The conventional wisdom is that Oracle's (ORCL) typically strong 4th quarter fiscal report disappointed investors. The lower than expected report overshadowed three bits of news that should be a strong signal to long term investors, especially dividend re-investors.
The big news is that Oracle's board authorized a dividend increase of 100%. A double, from 6 cents to 12 cents per share. In August, the company will pay a dividend yield of 1.4% which would result in an annual dividend of 48 cents per share.
Secondly, Oracle has increased its stock buyback program by $12 billion.

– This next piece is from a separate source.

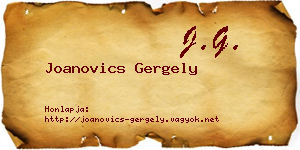 Joanovics Gergely névjegykártya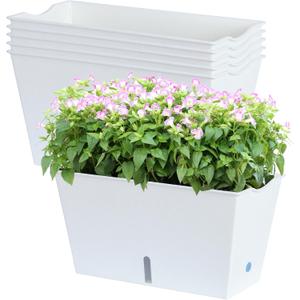Window Box Planter 6 Pcs, 12.1 Inches Self Watering Plant Pots Rectangle Flower Pots with Drainage Holes and Breathable Trays, Vegetable Planters for Windowsill Patio Garden Balcony Porch Yard (White)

By all three accounts, this enterprise is starting to look and act like the $142 billion company that it is. It may be a perfect play for a dividend re-investment program. Back in 2006, when Oracle started its multi-billion dollar buying spree of companies, most analysts predicted a failed strategy. Oracle began 2006 at $13.12. After two consecutively bruising quarters, it's at $30 and change. (Source: Yahoo Finance)
This strategy of rolling up smaller rivals may have now matured, but over the last 8 years, Oracle has beefed up its offerings and embedded its tentacles even deeper into some of the biggest businesses and governments around the globe. The world is not going to quit Oracle anytime soon. IT departments may have issues from time to time with Oracle software (or any software for that matter), but no company is going to dump its databases, software, and years of training, and switch to another company-- not overnight. People will continue to employ Oracle (and Microsoft (MSFT)) products for a very long time, which is why both companies are excellent long term dividend plays.

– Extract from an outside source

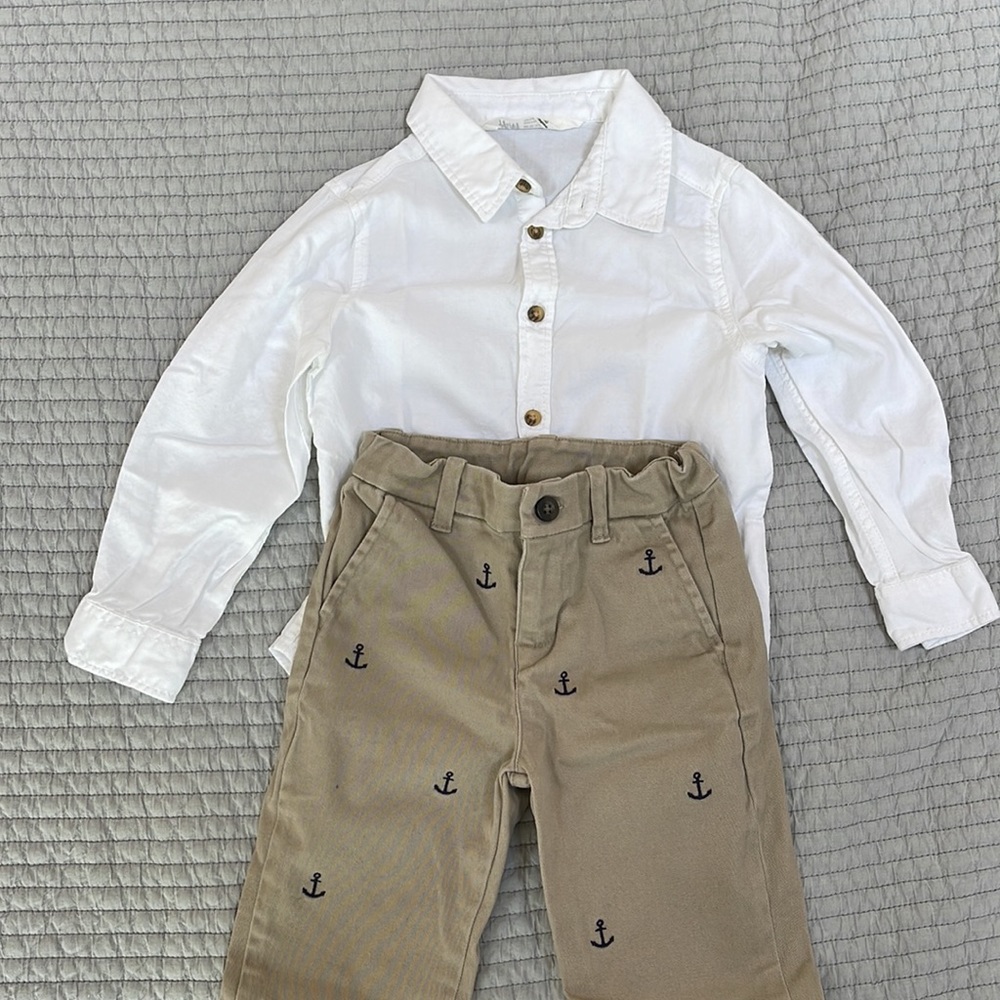 Bundle: Janie and Jack anchor pattern embroidered pants +H&M white shirt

However, Dividend.com does not agree. "Oracle Corporation (ORCL) is not recommended at this time, holding a Dividend.com DARS™ Rating of 3.3 out of 5 stars."
A forward thinking investor can use Microsoft's dividend trajectory to extrapolate a reasonable conclusion about Oracle and its dividend's possible flight path. Microsoft is now paying 2.7% or 92 cent a share. It may not be fun or sexy to trade Oracle any more, but a 100% increase in income is still doubling your money.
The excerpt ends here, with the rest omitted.